• **GIVEN DATA**

== Segment start ==

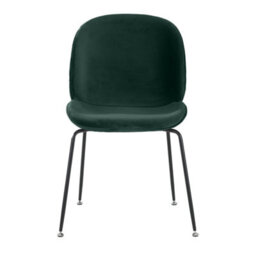 Fusion Living Luxurious Dark Green Velvet Dining Chair With Black Metal Legs - thumbnail 6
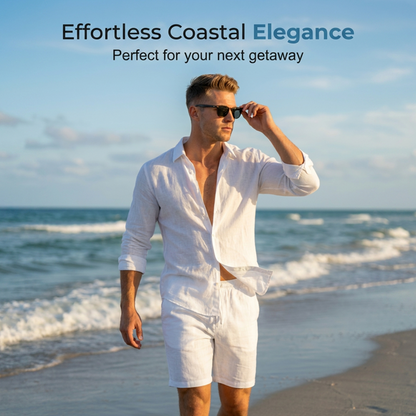 👔 50% RABATT! ☀️ Herren-Leinenhemd & Shorts Set – Lässig, atmungsaktiv & vielseitig – Perfekt für Sommer & Urlaub 🩳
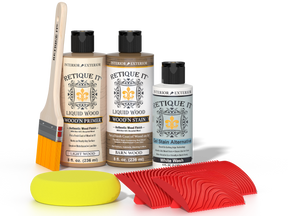 Retique It® Wood'n Finish Kit in French Oak for multi-purpose wood finishing, featuring wood stain and finish components.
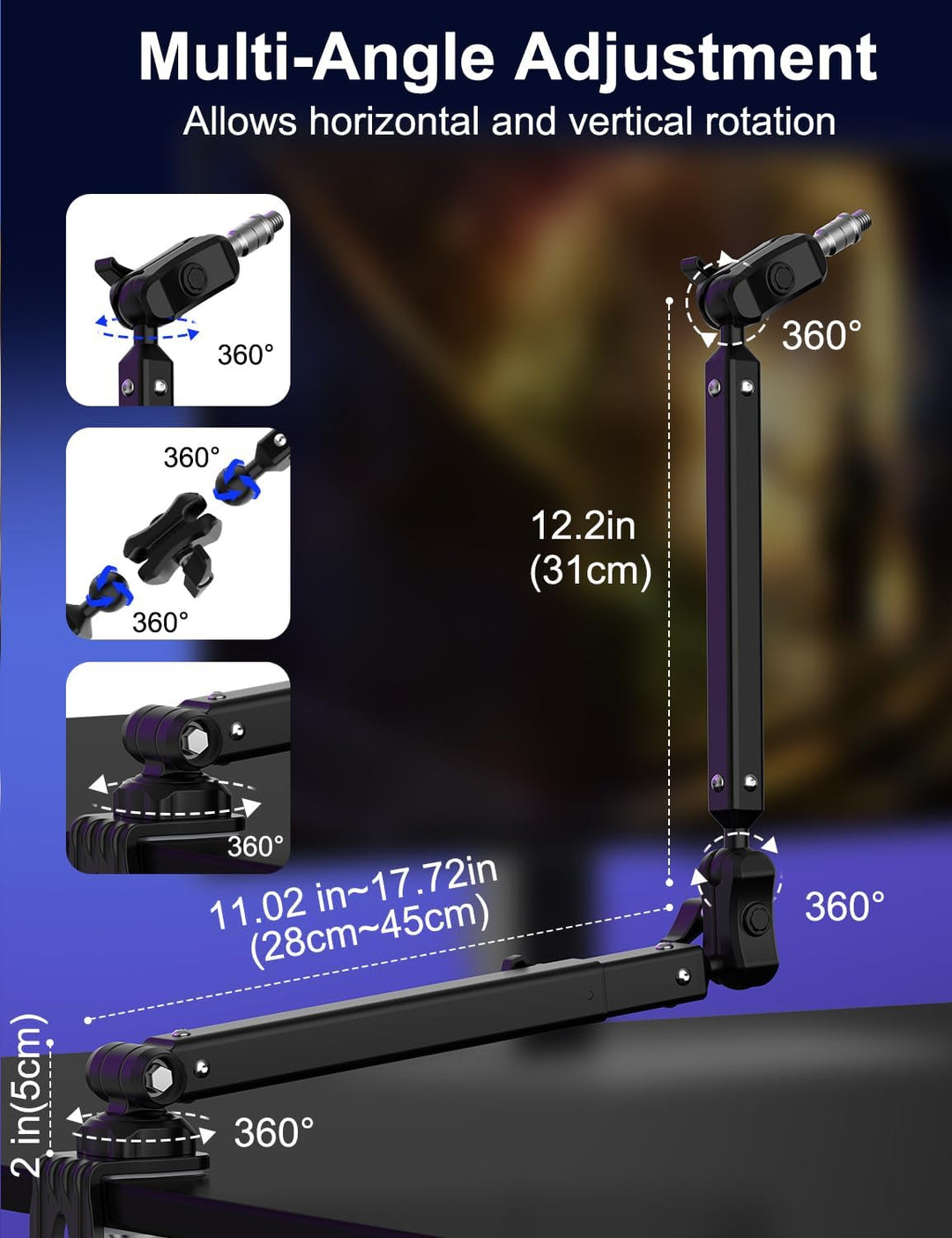 Kairiyard Mikrofonarm Boom Arm,Flach Verstellbarer Stangen Mikrofon Ständer mit Mikrofonclip,360° dr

== Segment end ==

• **ACTIVITY**
Give back every line of the material above word for word, leaving out the pictures.

• **REPLY TO THE TASK**
 Fusion Living Luxurious Dark Green Velvet Dining Chair With Black Metal Legs - thumbnail 6
 👔 50% RABATT! ☀️ Herren-Leinenhemd & Shorts Set – Lässig, atmungsaktiv & vielseitig – Perfekt für Sommer & Urlaub 🩳
 Retique It® Wood'n Finish Kit in French Oak for multi-purpose wood finishing, featuring wood stain and finish components.
 Kairiyard Mikrofonarm Boom Arm,Flach Verstellbarer Stangen Mikrofon Ständer mit Mikrofonclip,360° dr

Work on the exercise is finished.